What you are asked to do →
The records underneath are to be printed in full and exactly, with no pictures carried over.

Records provided →
·····
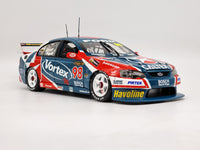 Classic Carlectables 2004 Ford BA Falcon Ingall Stone Brothers Vortex 1:18 - Used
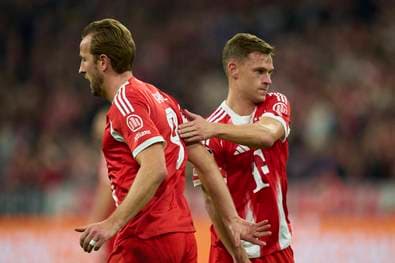 Bayerns Rechnung: 5+1=8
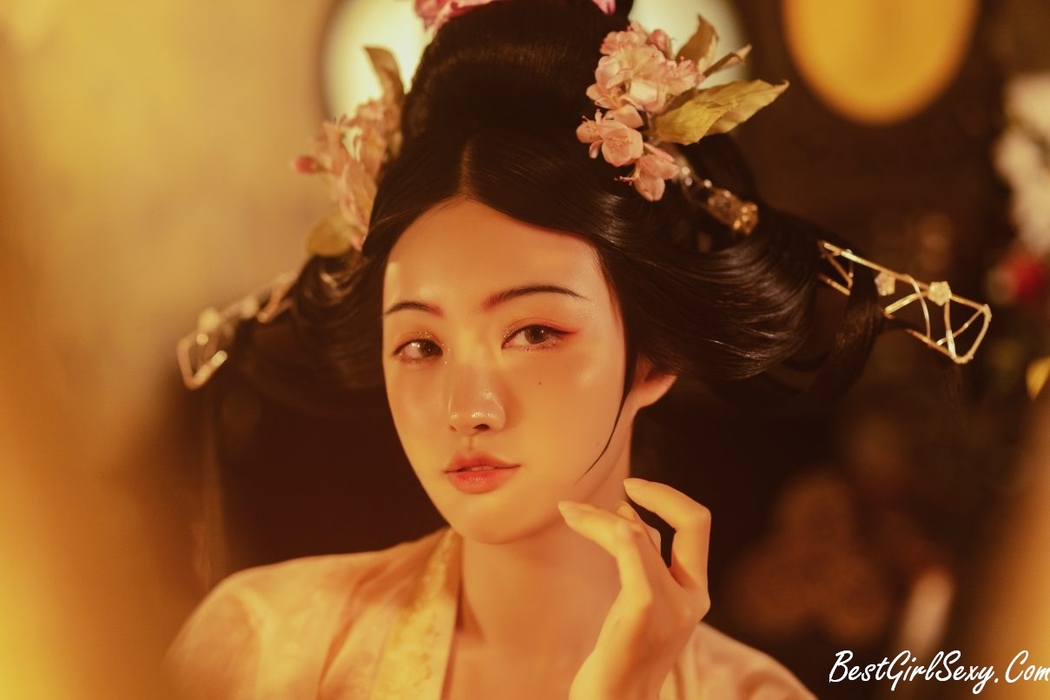 YiTuYu艺图语 Vol.197 Lan Yin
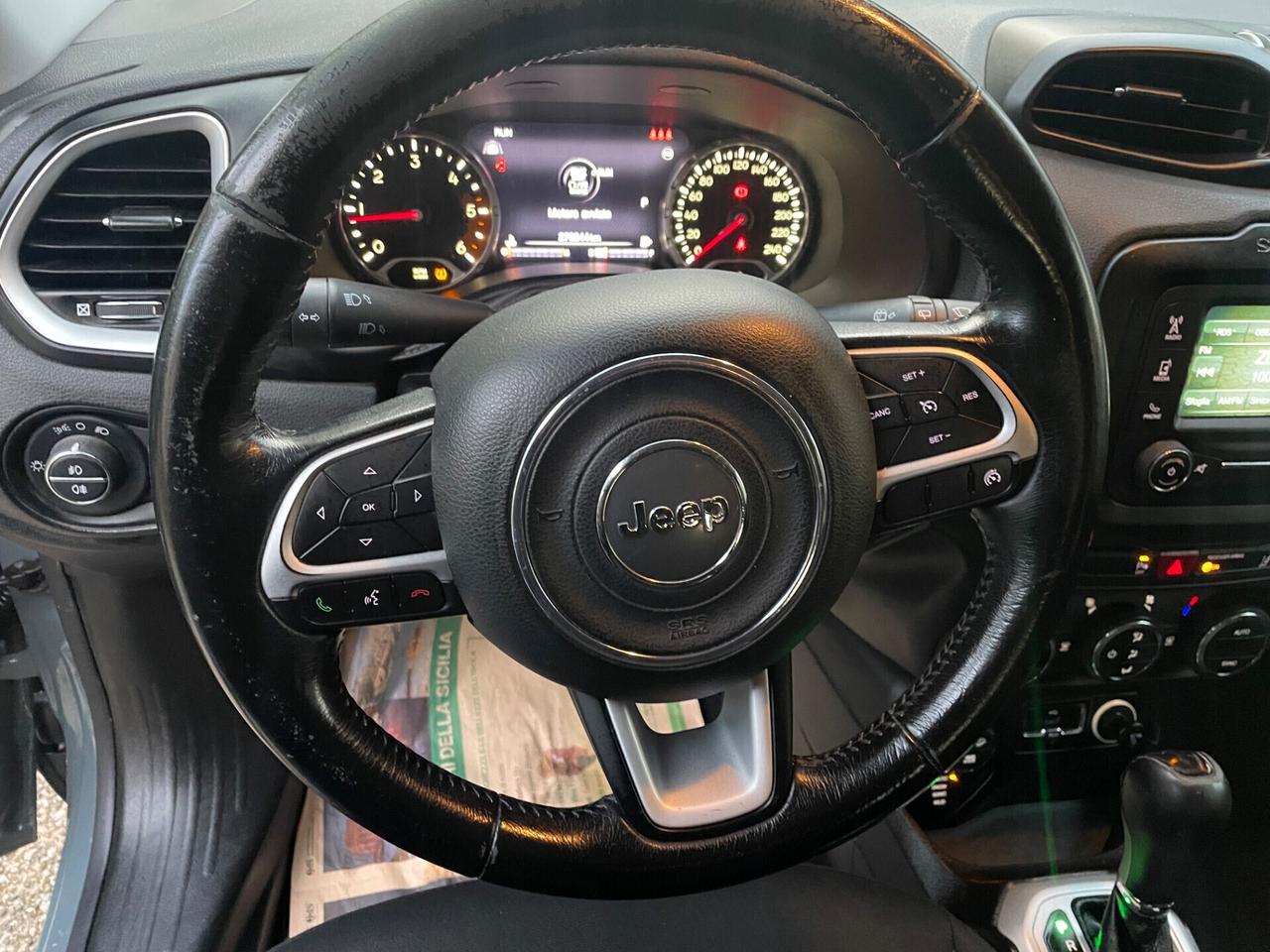 Jeep Renegade 2.0 Mjt 140CV 4WD Active Drive Low Limited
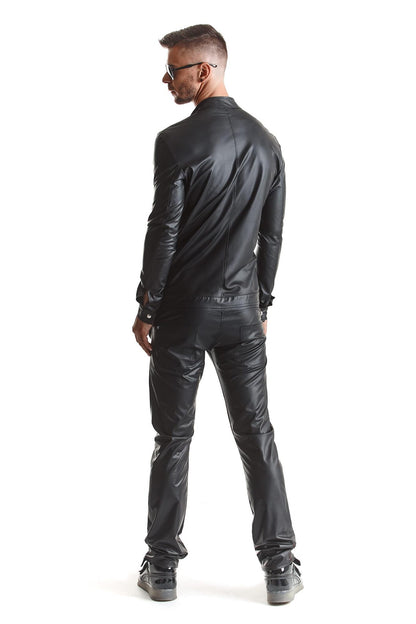 6-RMGiorgio001 - black jacket - XXL-6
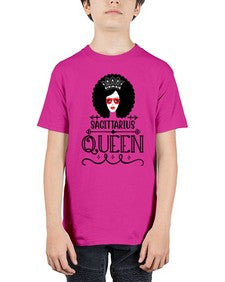 sagittarius queen 414# - sagittarius - Youth Tee Unisex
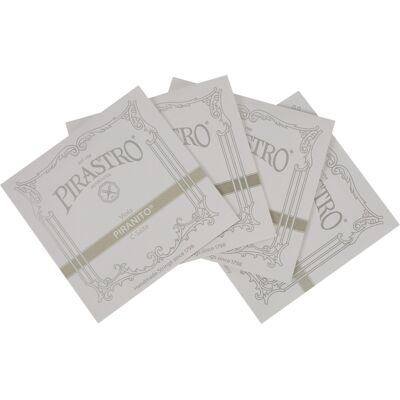 Pirastro Piranito Vla Set Medium Pirastro Piranito Vla Set Medium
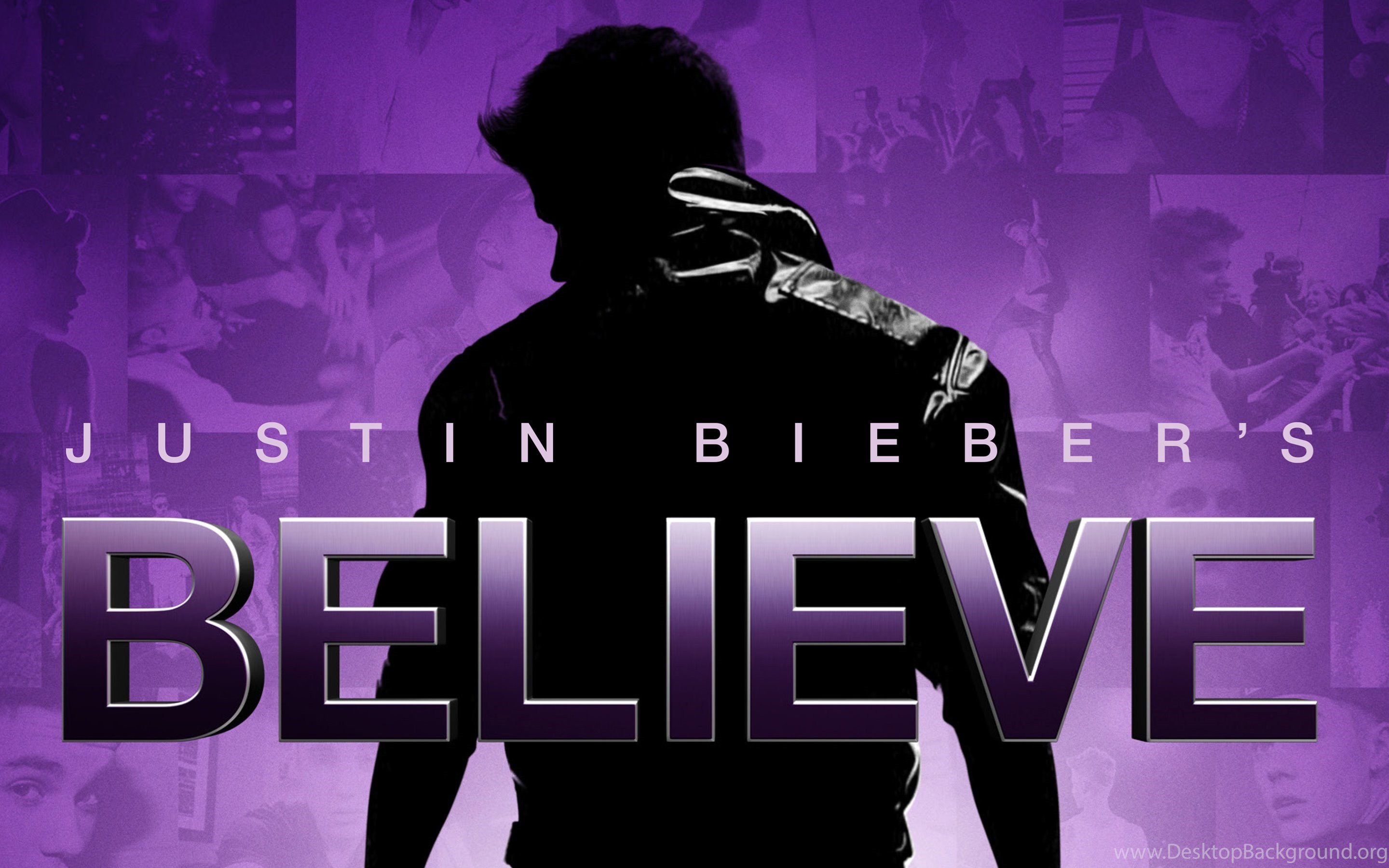 Justin Bieber's Believe 2013 Wallpaper Desktop Background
·····
Response area →
 Classic Carlectables 2004 Ford BA Falcon Ingall Stone Brothers Vortex 1:18 - Used
 Bayerns Rechnung: 5+1=8
 YiTuYu艺图语 Vol.197 Lan Yin
 Jeep Renegade 2.0 Mjt 140CV 4WD Active Drive Low Limited
 6-RMGiorgio001 - black jacket - XXL-6
 sagittarius queen 414# - sagittarius - Youth Tee Unisex
 Pirastro Piranito Vla Set Medium Pirastro Piranito Vla Set Medium
 Justin Bieber's Believe 2013 Wallpaper Desktop Background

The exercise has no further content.